2020年11月27日金曜日

あどけない少年海軍兵隊さん

 このあどけない子どもの表情と海軍の帽子との対比が、当時の戦争の全てを物語っている気がした。残虐な場面の写真より、何故か、強く訴えてくるものがあるのだ。二度と、子どもたちを戦場に送ってはならない、そう思った。
 しかし、目を世界に向ければ、未だに銃を持たざるを得ない子供たちがいる。なんとも嘆かわしいことだろう。こうした世界の貧困にメスを入れてこそ、憲法9条の精神が生きてくる。そしてこの道は、宮沢賢治の「世界がぜんたい幸福にならないうちは個人の幸福はあり得ない」の精神に通じる。
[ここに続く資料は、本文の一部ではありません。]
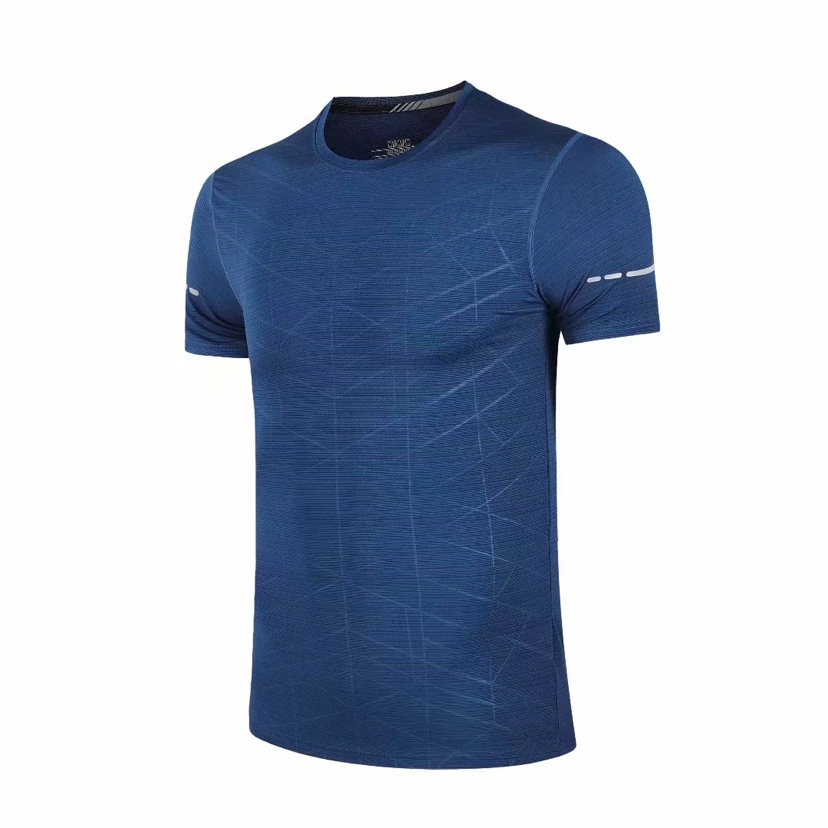 Sportswear T Sleeve Workout Clothes Men&#039;s Short Sleeve Quick-Drying Top Sports Suit Summer Thin Breathable Running Clothes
宮沢賢治のこの言葉は、「農民芸術概論綱要」からだが、長編の続きから一部だけ紹介する。改めて読んだが、含蓄のある詩である。

世界がぜんたい幸福にならないうちは個人の幸福はあり得ない
自我の意識は個人から集団社会宇宙と次第に進化する
この方向は古い聖者の踏みまた教へた道ではないか
新たな時代は世界が一の意識になり生物となる方向にある
正しく強く生きるとは銀河系を自らの中に意識してこれに応じて行くことである
われらは世界のまことの幸福を索ねよう 
求道すでに道である(青空文庫の「農民芸術概論綱要」より)

人類という概念を遥かに超えているのがすごいところだが、せめて、地球の裏側でも意識して「銃を持たざるを得ない子供たち」にも目を向けていきたいものである。